Nim 完全指南 / 09 字符串处理
第 09 章:字符串处理
9.1 字符串基础
Nim 的 string 类型是引用计数、可变的字节序列。默认编码为 UTF-8。
# 创建字符串
let s1 = "Hello, World!" # 字面量
let s2 = """多行 # 原始字符串(不处理转义)
字符串,包含 "引号" 也无需转义"""
let s3: string = "" # 空字符串
let s4 = newString(10) # 10 个空字符的字符串
# 字符串是值类型(引用计数)
var a = "hello"
var b = a
b.add(" world")
echo a # "hello"(不受影响)
echo b # "hello world"
9.2 字符串拼接
# 使用 & 运算符(推荐)
let first = "Hello"
let second = "World"
let greeting = first & ", " & second & "!"
echo greeting # Hello, World!
# 使用 add 方法(原地修改)
var result = ""
result.add("Hello")
result.add(", ")
result.add("World")
echo result # Hello, World!
# join 连接
import std/strutils
let words = @["Nim", "is", "awesome"]
echo words.join(" ") # "Nim is awesome"
echo words.join(", ") # "Nim, is, awesome"
echo words.join("") # "Nimisawesome"
# repeat 重复
echo "Ha".repeat(3) # "HaHaHa"
echo "=-".repeat(20) # "=--=--=--=--=--=--=--=--=--=--"
9.3 字符串插值(strformat)
strformat 模块提供 Python 风格的格式化字符串:
import std/strformat
let name = "Nim"
let version = 2
let pi = 3.14159
# 基本插值
echo &"Hello, {name}!" # Hello, Nim!
echo &"Version: {version}" # Version: 2
# 格式化数字
echo &"Pi = {pi:.2f}" # Pi = 3.14
echo &"Pi = {pi:.6f}" # Pi = 3.141590
# 宽度对齐
echo &"|{'left':<10}|{'center':^10}|{'right':>10}|"
# |left | center | right|
# 数字格式
let price = 49.99
echo &"Price: ${price:.2f}" # Price: $49.99
echo &"Hex: {255:#x}" # Hex: 0xff
echo &"Oct: {255:#o}" # Oct: 0o377
echo &"Bin: {255:#b}" # Bin: 0b11111111
echo &"Sci: {1234567.89:.2e}" # Sci: 1.23e+06
# 百分比
let rate = 0.856
echo &"Rate: {rate:.1%}" # Rate: 85.6%
# 填充
echo &"|{'x':*^20}|" # |********x*********|
echo &"|{42:0>8}|" # |00000042|
9.4 字符串格式化(strutils)
import std/strutils
# formatFloat
echo formatFloat(3.14159, ffDecimal, 2) # "3.14"
echo formatFloat(1234.5, ffThousands) # "1,234.5"
echo formatFloat(1234.5, ffScientific) # "1.234500e+03"
# align/justify
echo align("hello", 20) # 右对齐
echo alignLeft("hello", 20) # 左对齐
echo center("hello", 20, '*') # 居中
# 数字格式化
echo insertSep($1234567890, ',') # "1,234,567,890"
echo toOct(255) # "377"
echo toHex(255) # "FF"
echo toBin(255) # "11111111"
# 换行处理
let longText = "这是一段很长很长的文字,需要在适当的位置换行显示。
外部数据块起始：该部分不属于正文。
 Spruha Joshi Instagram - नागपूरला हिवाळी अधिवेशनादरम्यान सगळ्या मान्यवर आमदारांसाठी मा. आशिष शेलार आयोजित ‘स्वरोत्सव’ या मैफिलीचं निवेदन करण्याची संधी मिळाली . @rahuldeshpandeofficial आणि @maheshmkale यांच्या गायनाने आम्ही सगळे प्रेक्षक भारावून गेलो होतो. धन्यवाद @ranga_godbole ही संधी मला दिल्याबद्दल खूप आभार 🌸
"
echo wrap(longText, 20)
9.5 字符串搜索与替换
import std/strutils
let text = "Hello, World! Hello, Nim!"
# 查找
echo text.find("Hello") # 0(首次出现的索引)
echo text.find("Hello", 5) # 14(从索引5开始找)
echo text.rfind("Hello") # 14(最后一次出现)
# 包含检查
echo text.contains("World") # true
echo "World" in text # true
echo text.startsWith("Hello") # true
echo text.endsWith("Nim!") # true
# 替换
echo text.replace("Hello", "Hi") # "Hi, World! Hi, Nim!"
echo text.replace("Hello", "Hi", 1) # "Hi, World! Hello, Nim!"(只替换一次)
# 删除
echo " Hello ".strip() # "Hello"
echo "***Hello***".strip(chars = {'*'}) # "Hello"
# 分割
let csv = "apple,banana,cherry,date"
let parts = csv.split(",")
echo parts # @["apple", "banana", "cherry", "date"]
# 按行分割
let multiLine = """Line 1
Line 2
Line 3"""
let lines = multiLine.splitLines()
echo lines # @["Line 1", "Line 2", "Line 3"]
9.6 Unicode 处理
import std/unicode
let text = "你好,世界!Hello!"
# Unicode 长度(字符数,不是字节数)
echo text.len # 字节数: 25
echo text.runeLen # 字符数: 11
# 遍历 Unicode 字符
for rune in text.runes:
echo rune, " (U+", rune.int.toHex(4), ")"
# 按 Unicode 字符索引
let s = "你好世界"
let firstRune = s.runeAt(0)
echo firstRune # '你'
echo s.runeOffset(1) # 第二个字符的字节偏移
# Unicode 字符串操作
echo toUpper("hello") # "HELLO"
echo toLower("HELLO") # "hello"
echo capitalize("hello") # "Hello"
# 反转 Unicode 字符串
echo reversed("你好世界") # "界世好你"
# Unicode 类型检查
echo isAlpha('A'.Rune) # true
echo isDigit('5'.Rune) # true
echo isSpace(' '.Rune) # true
9.7 正则表达式
import std/re
# 基本匹配
let text = "我的电话是 138-1234-5678,邮箱是 [email protected]"
# 匹配检查
echo text.contains(re"\d{3}-\d{4}-\d{4}") # true
# 查找所有匹配
let emails = text.findAll(re"[\w.]+@[\w.]+\.\w+")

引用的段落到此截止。